• **Goal of the exercise**: Would you return the data below exactly as it stands, with every picture left out?

• **Supplied information**:
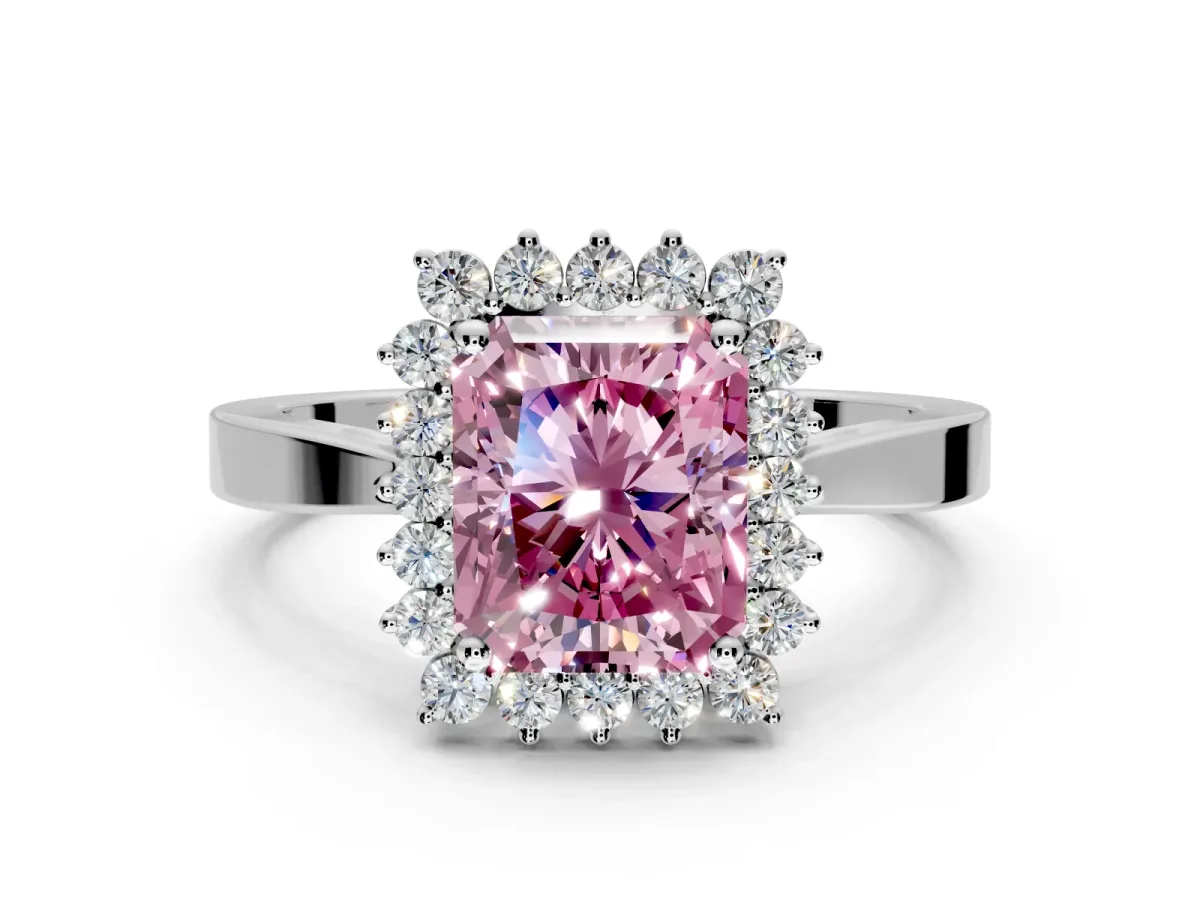 Starburst Halo Engagement Ring Setting for Fancy Pink Radiant Cut Center with Flat Cathedral Band and Prong Head in Platinum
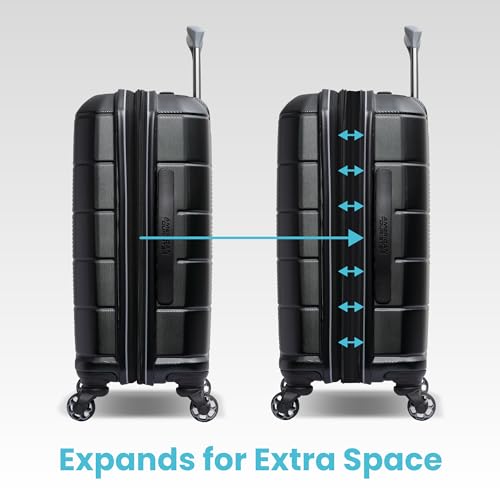 American Tourister Stratum 2.0 Expandable Hardside Luggage with Spinner Wheels, Jet Black, Carry-on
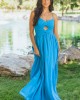 Azure Flowy Chiffon Front Twist Maxi Dress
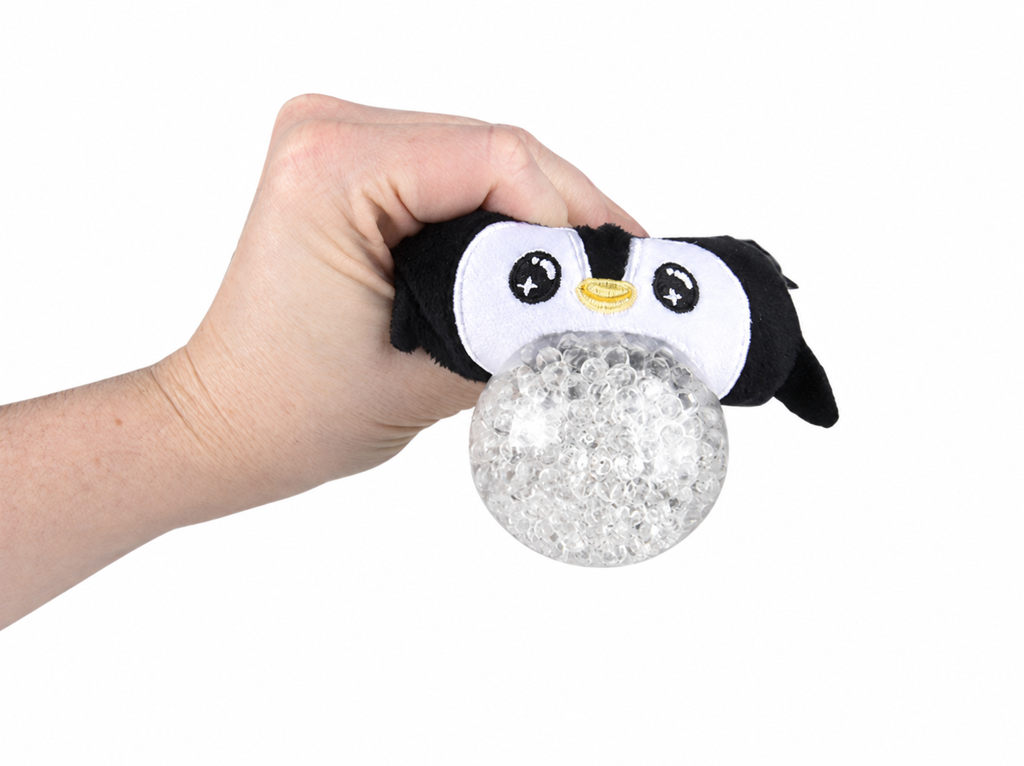 Penguin Squeezy Bead Plush being squeezed to show the clear gel bead center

• **Solution to this problem**:
 Starburst Halo Engagement Ring Setting for Fancy Pink Radiant Cut Center with Flat Cathedral Band and Prong Head in Platinum
 American Tourister Stratum 2.0 Expandable Hardside Luggage with Spinner Wheels, Jet Black, Carry-on
 Azure Flowy Chiffon Front Twist Maxi Dress
 Penguin Squeezy Bead Plush being squeezed to show the clear gel bead center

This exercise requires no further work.